DATA SHOWN:
_ _ _

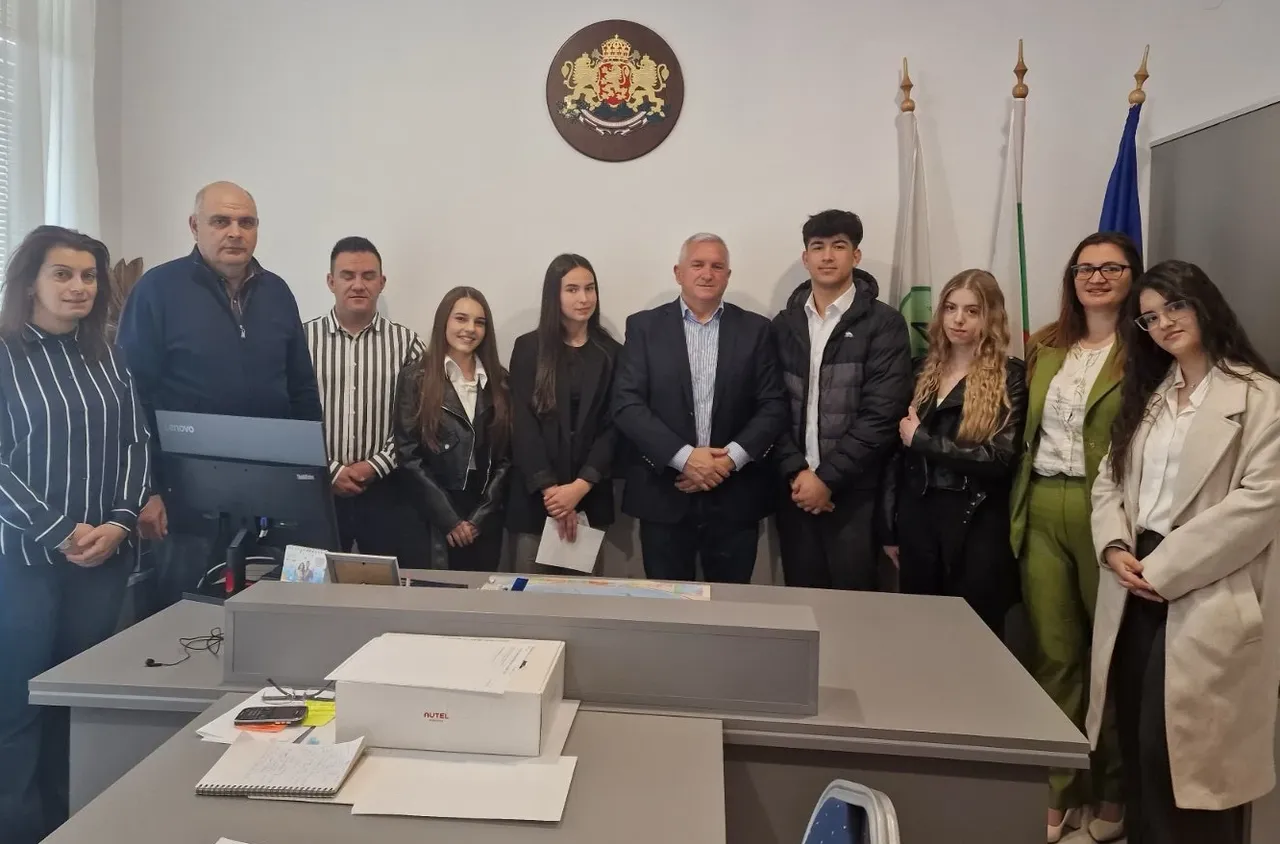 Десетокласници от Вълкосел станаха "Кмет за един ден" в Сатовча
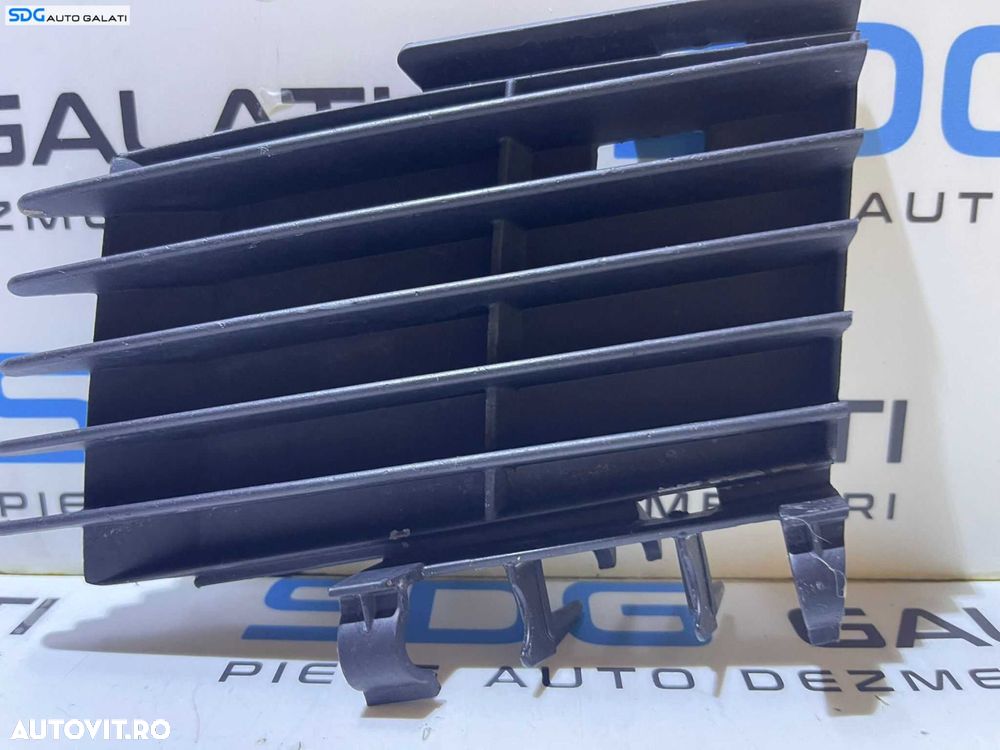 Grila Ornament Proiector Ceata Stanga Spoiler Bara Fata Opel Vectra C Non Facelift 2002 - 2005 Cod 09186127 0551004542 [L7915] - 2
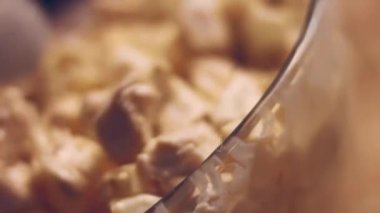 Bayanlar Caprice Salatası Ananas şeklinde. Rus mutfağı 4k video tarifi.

_ _ _

ASSIGNMENT: Please reproduce, exactly and only, the lines from the line containing "Grila Ornament Proiector" through the last line of the material above, minus any pictures.

PROBLEM SOLUTION:
 Grila Ornament Proiector Ceata Stanga Spoiler Bara Fata Opel Vectra C Non Facelift 2002 - 2005 Cod 09186127 0551004542 [L7915] - 2
 Bayanlar Caprice Salatası Ananas şeklinde. Rus mutfağı 4k video tarifi.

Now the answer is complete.